Material for this exercise Start Marker
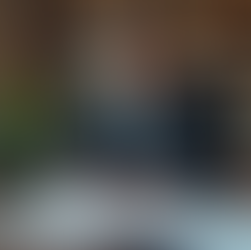 Servicios legales: Defensa en casos penales, amparos.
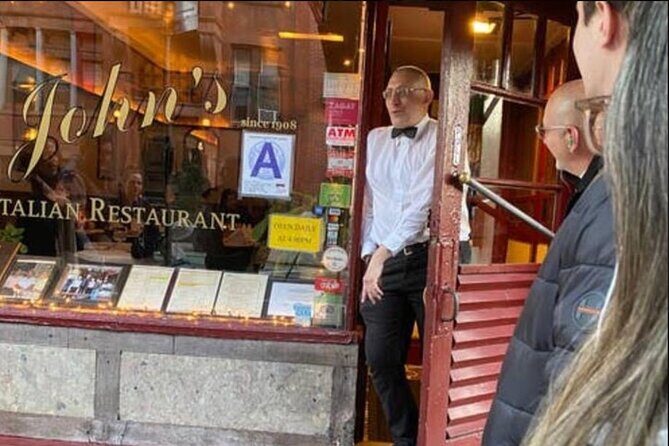 True Crime NYC: Mafia Walk w/Ret. NYPD Detective & Local Food - Key Points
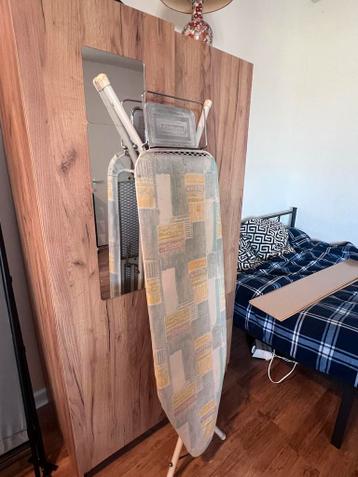 Strijkplank met strijkijzerhouder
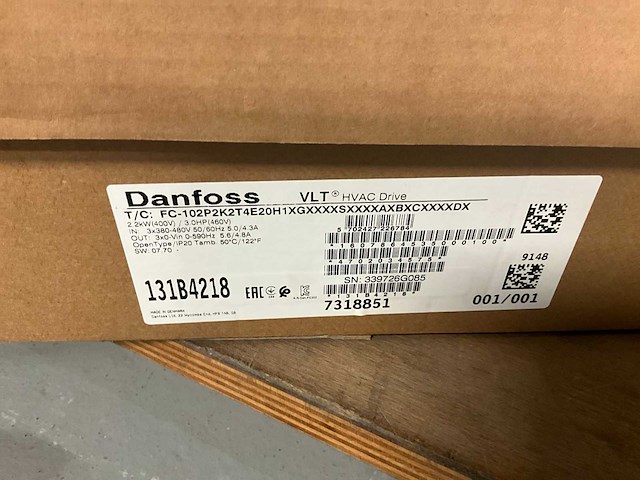 Danfoss fc-102p2k2t4e20h1xg 2,2 kw frequentieregelaar - afbeelding 5 van  5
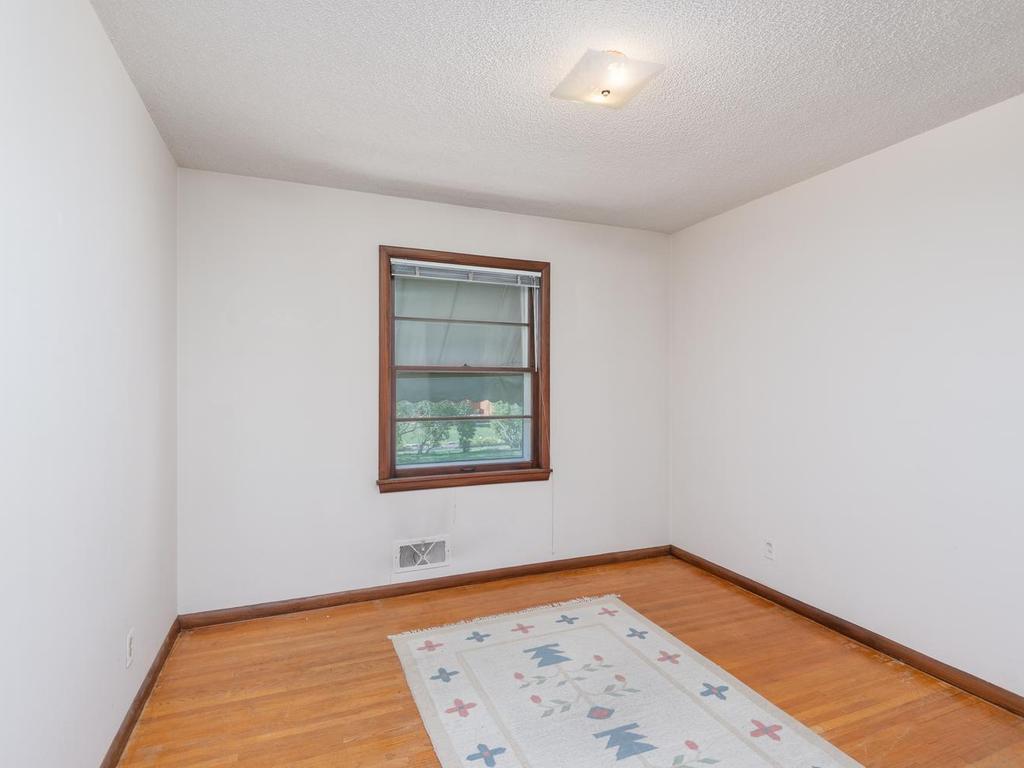 View of Residential at 6314 Vincent Avenue, Richfield MN 55423, Richfield (18 of 29) - Mike Wilen | Minnesota Team Real Estate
Material for this exercise End Marker
> _Required action_
Each entry above is to be written out exactly. The pictures stay out.

> _Task answer_
 Servicios legales: Defensa en casos penales, amparos.
 True Crime NYC: Mafia Walk w/Ret. NYPD Detective & Local Food - Key Points
 Strijkplank met strijkijzerhouder
 Danfoss fc-102p2k2t4e20h1xg 2,2 kw frequentieregelaar - afbeelding 5 van  5
 View of Residential at 6314 Vincent Avenue, Richfield MN 55423, Richfield (18 of 29) - Mike Wilen | Minnesota Team Real Estate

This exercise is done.